Part 7: Iterative Solvers and Memory Strategy

This part focuses on the practical decision of which solver to use and why memory and factorization can become the binding constraint for large problems.

Practical Goal

Choose between direct and iterative solvers based on problem scale.
Understand when memory limits dominate solver selection.
Apply a repeatable fallback strategy when direct solves are impractical.

Example Anchor

Primary script: regularizeNd/Examples/a07_exampleIterativeSolver.m

Primary data file: a07_iterative_solver_data.mat

The Full Solver Menu

regularizeNd accepts the solver argument as the sixth positional parameter:

yGrid = regularizeNd(x, y, xGrid, smoothness, interpMethod, solver)

Solver	Type	When to use
`"normal"`	Direct (normal equations)	Fast direct baseline when memory is sufficient; often ~3× faster than `\` for well-conditioned systems.
`"\"`	Direct (backslash / sparse QR-LU)	Most robust; fall back when `"normal"` produces unexpected results.
`"pcg"`	Iterative (conjugate gradient)	Large problems where direct solvers exhaust RAM. First iterative choice.
`"symmlq"`	Iterative (symmetric LQ)	Very similar to `pcg`; try if `pcg` stalls or diverges.
`"lsqr"`	Iterative (least-squares QR)	Last resort when `pcg` and `symmlq` fail; solves \(A\mathbf{x}=\mathbf{b}\) directly rather than the normal equations. Slower but most numerically stable of the three iterative options.

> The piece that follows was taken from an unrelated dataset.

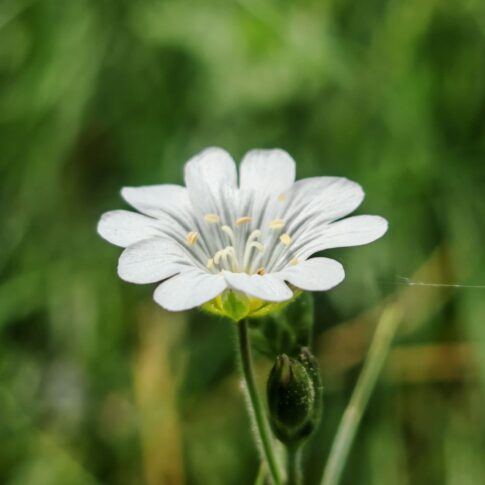 Céraiste des champs - Fleur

Pathology Summary (From a07 Example)

The attached a07 example is a 5D case with grid:

\[ 25 \times 7 \times 7 \times 12 \times 8 = 117{,}600 \]

Observed matrix sizes:

\(A \in \mathbb{R}^{499{,}748 \times 117{,}600}\), sparse, \(\operatorname{nnz}(A)=2{,}582{,}568\).
\(b \in \mathbb{R}^{499{,}748}\).

Two row families appear in \(A\):

37,356 rows with 32 nonzeros (data-fidelity rows from \(2^5\) multilinear interpolation stencils).
462,392 rows with 3 nonzeros (second-order regularization rows).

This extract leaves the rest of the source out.